Task description: Exact reproduction is required for the lines below starting at the line with "The Scary Happy Face!!!!! - YouTube" and ending at the line with "Stunning Penthouse in", both included. No other lines, and no pictures.
[[ Data under study, beginning ]]
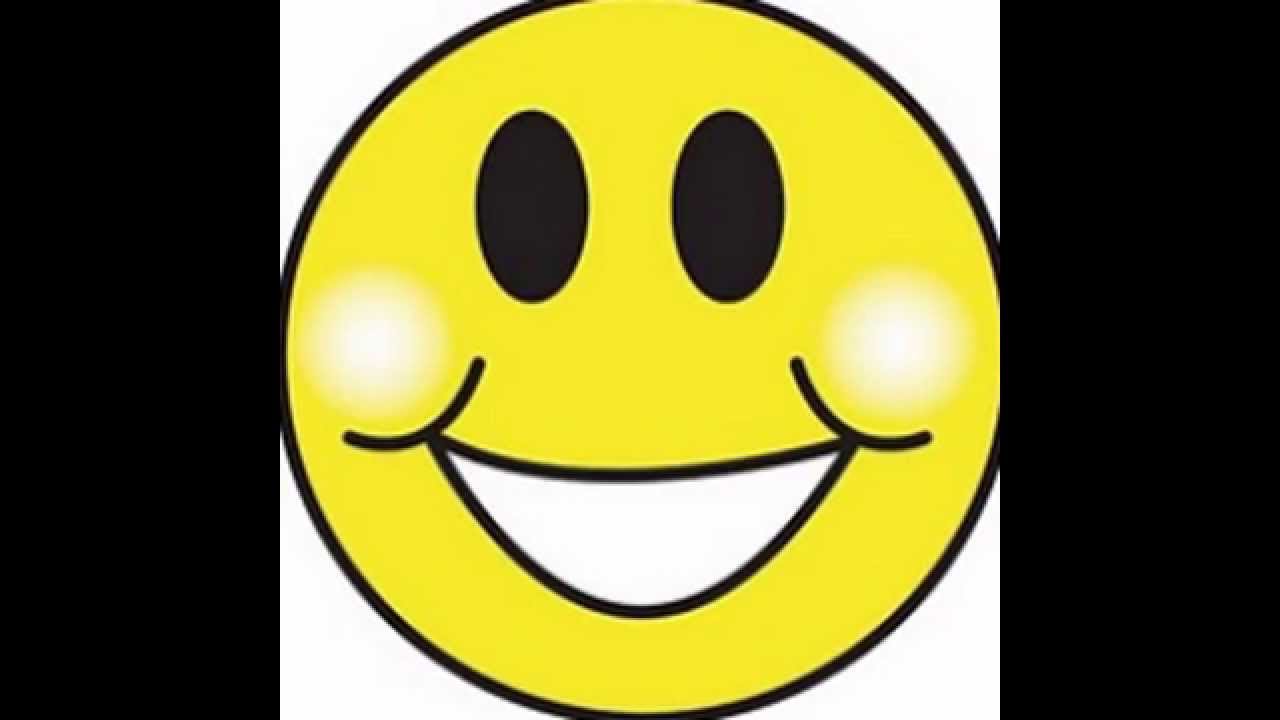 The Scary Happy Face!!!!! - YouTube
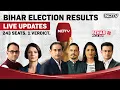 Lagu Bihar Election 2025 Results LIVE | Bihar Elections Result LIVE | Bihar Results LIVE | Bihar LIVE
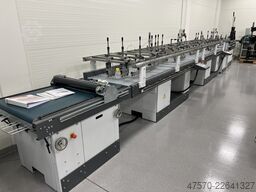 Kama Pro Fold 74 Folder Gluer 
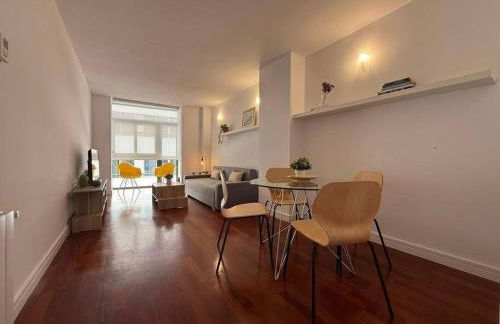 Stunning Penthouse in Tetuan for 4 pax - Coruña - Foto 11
[[ Data under study, end ]]
[[ Data under study, beginning ]]
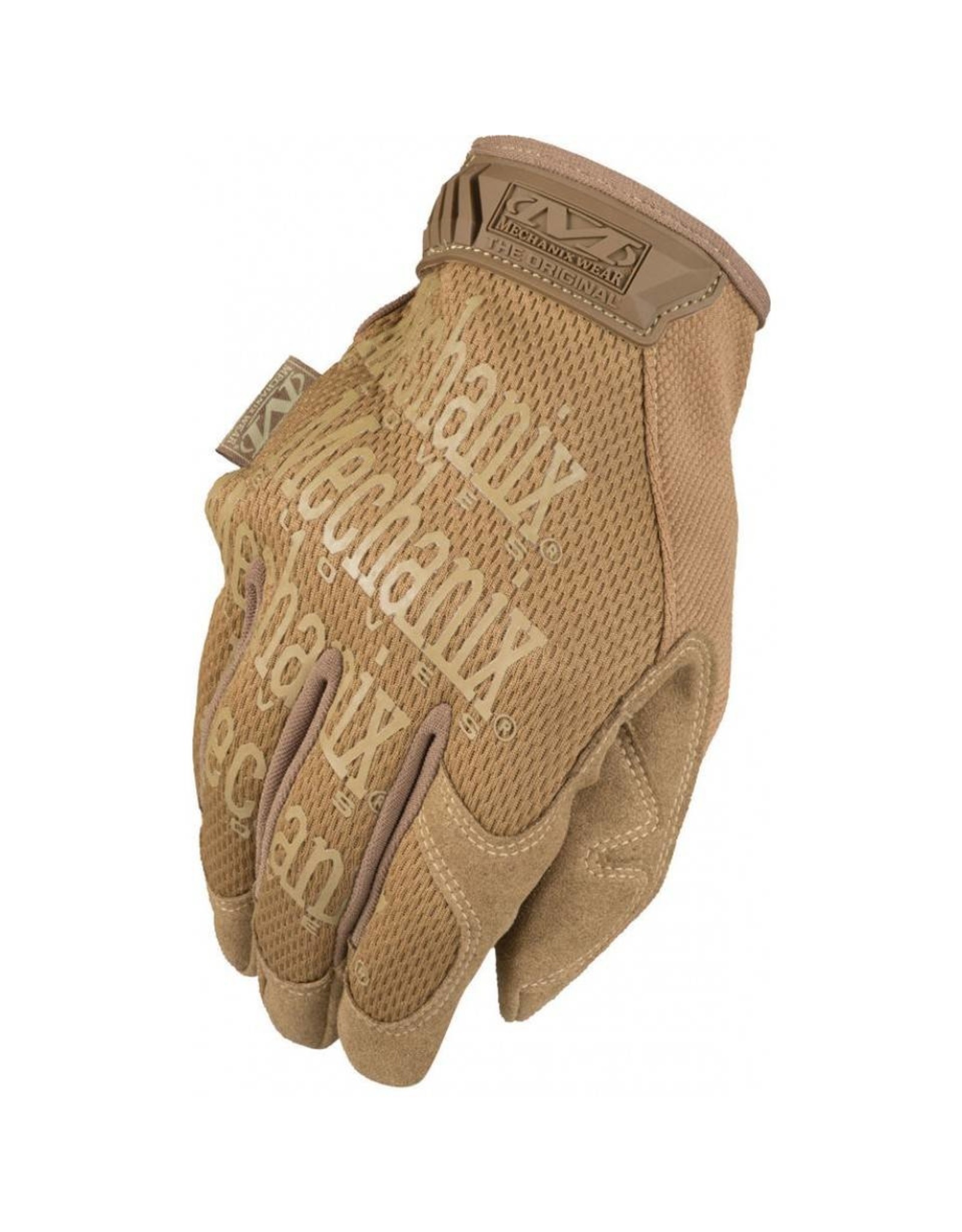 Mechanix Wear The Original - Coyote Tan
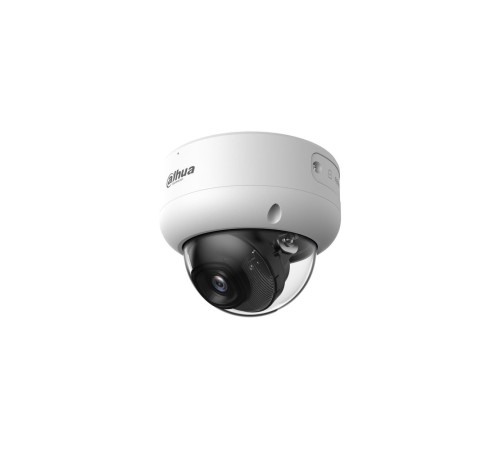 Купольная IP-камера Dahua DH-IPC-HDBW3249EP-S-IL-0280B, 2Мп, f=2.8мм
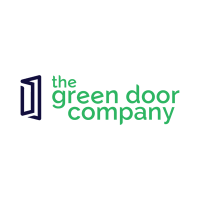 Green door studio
[[ Data under study, end ]]
Exercise response:
 The Scary Happy Face!!!!! - YouTube
 Lagu Bihar Election 2025 Results LIVE | Bihar Elections Result LIVE | Bihar Results LIVE | Bihar LIVE
 Kama Pro Fold 74 Folder Gluer 
 Stunning Penthouse in Tetuan for 4 pax - Coruña - Foto 11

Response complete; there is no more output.